We've collected a range of companies, from online retailers to video-game manufacturers, who've made the difficult decisions to alter how they do business. Our latest special report, Business in Transformation, launches today and will explore stories from businesses like these in detail, sharing lessons that are valuable to any company's decision-makers.
Amazon.com
Remember when Amazon just sold books? The online retail site opened for business in 1995, during the Internet's earliest days. Since then, the company has managed to change how people shop, luring them away from brick-and-mortar businesses by selling everything from jewelry to furniture to groceries, thanks to an advanced customer-metrics systems and an efficient network of fulfillment centers that delivers goods quickly and at a low cost.
Nintendo
Not just techies and teenage boys can love video games. That was the idea behind the Nintendo Wii, a product launched in 2006 to expand gaming to non-gamers. Its product line featured simple games and an affordable console. An intuitive remote control mimicked a player's real-life movements and attracted moms, seniors and fitness aficionados to yoga, bowling and golf. The console contributed to a 228 percent boost in revenue between 2006 and 2008, and helped the company sell tens of millions of copies.
Xerox
Making copiers and fax machines isn't an asset in a paperless world.

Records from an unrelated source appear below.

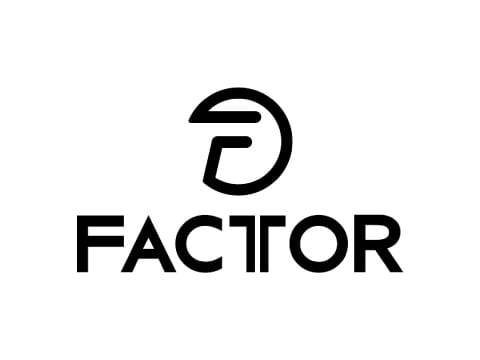 Factor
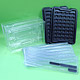 Clamshell Packaging image
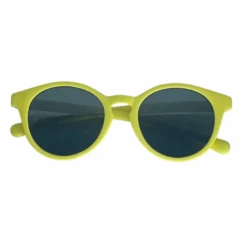 Mustela Gafas De Sol Coco Amarillo 6-10 Años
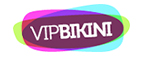 Скидки 30%! - Юрино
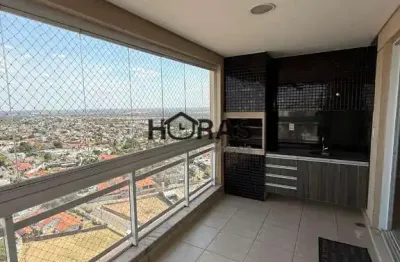 Casa de alto padrão em condomínio no bairro santa cruz 2, cuiabá-mt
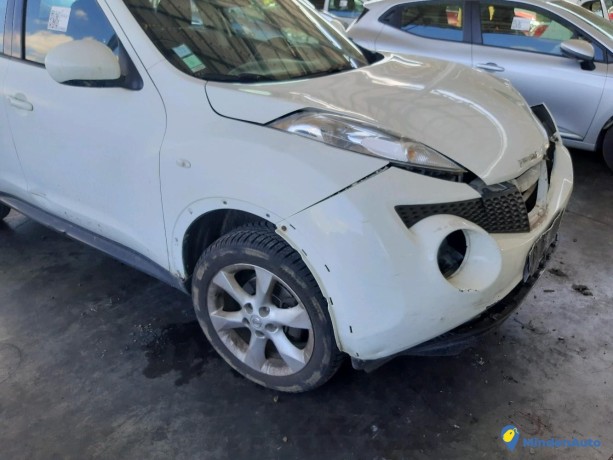 nissan-juke-15-dci-110-ref-319452-big-0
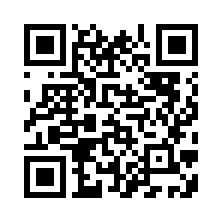 QR Code for 1DuXnKvdSc3J1EK1M9WAJsTxQkYceumAoA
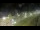 Webcam in Kenosha, Wisconsin, 180 km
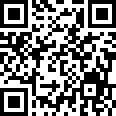QRコード https://mirunuku.net/?cid=h_237ambs00083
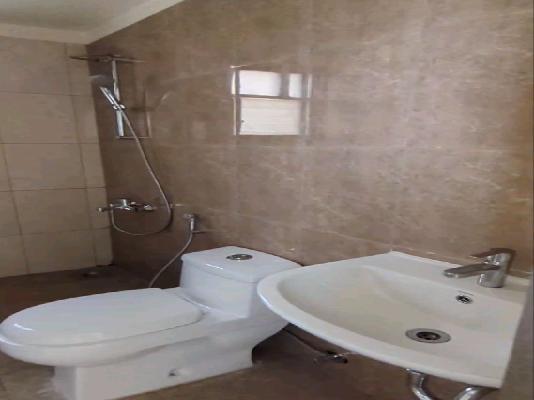 2 BHK Flat In Falcon Tower At Riverview City  for Rent  In Loni Kalbhor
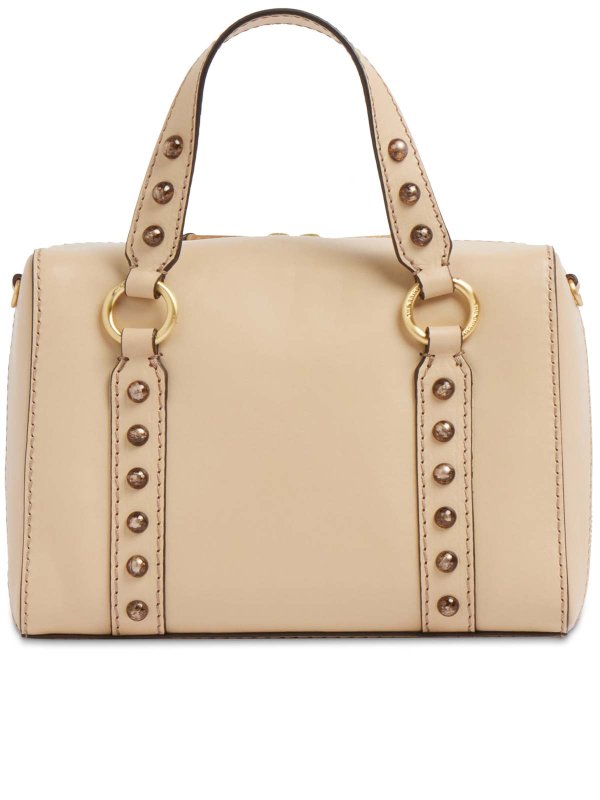 The Best Shops THE BRIDGE: totes bags - Bag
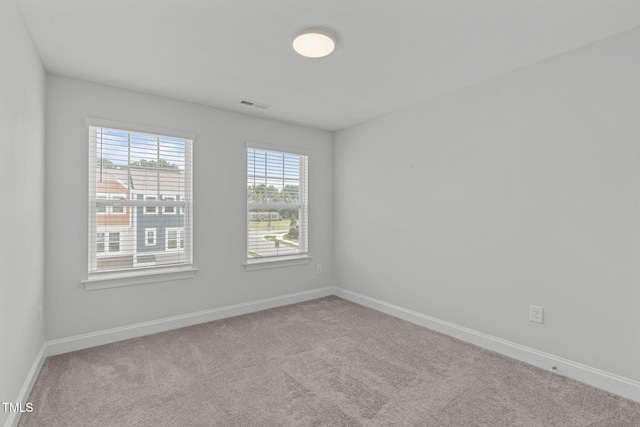 2890 Dallas Valley Ln, Apex, NC 27502 - photo 25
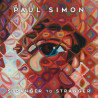 Acquista Paul Simon - Stranger To Stranger CD a soli 5,50 € su Capitanstock 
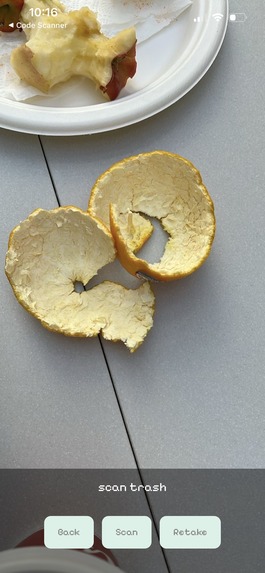 Garbage Go (GG) – screenshot 4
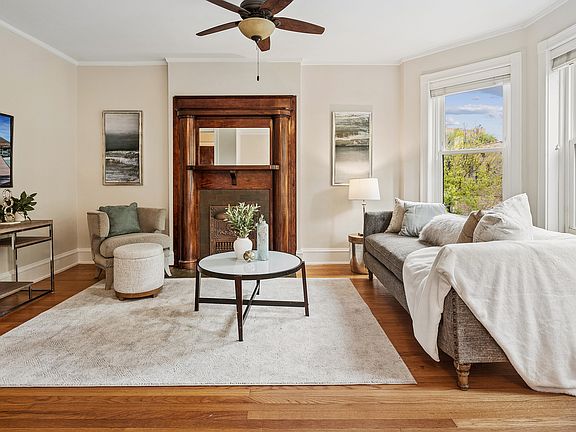 4th image of 3764 N Magnolia Ave #2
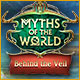 『Myths of the World: Behind the Veil』を1時間無料で遊ぶ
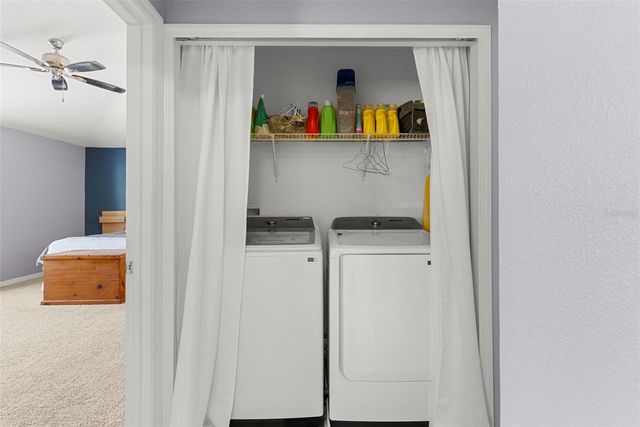 309 FISH HAWK DRIVE, Winter Haven, FL 33884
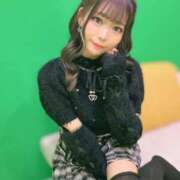 ヒメ日記 2025/01/02 14:40 投稿 マイカ ロボットデリヘル五反田基地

Realizing this, the company switched from selling office machinery to handling business processes such as data processing, HR benefits management and customer-relationship-management services to businesses and governments around the globe. The change was fueled by acquisitions of data-processing firms, including Affiliated Computer Systems in 2010. The company's revenue has increased 50 percent since 2010.
Henri Bendel
This fixture of Fifth Avenue's upscale retail scene had a makeover. In 2009, it put aside its apparel business and decided instead to focus on beauty and accessories. The shop, which had existed mostly as a stand-alone business since its founding in 1895, brought its brown and white striped bags and hatboxes to malls throughout the U.S., growing to 29 locations in 2013.
Campbell Soup
After more than a century in business, soup maker Campbell faced increased competition and decreased demand. It needed to find a way to react more nimbly, efficiently and strategically in the market. To do so, over the past decade, it has overhauled its information-technology systems, switching some IT services such as maintenance and computer-system development to outside providers and keeping others in-house, allowing internal groups to think more strategically. These moves and others have reduced overhead and helped the company control costs.
Waste Management
In 2009, Waste Management began a tech transformation. The company utilized information technology to build a system that optimizes pricing using statistical modeling. Managers can use the information to adjust pricing to be more competitive in certain regions. The initiative also informed decision-makers about key initiatives such as logistics and routing. Additionally, trucks with touch-screen computers and GPS provide dispatchers with information on locations in real time, helping them more efficiently manage their fleet and optimize routes.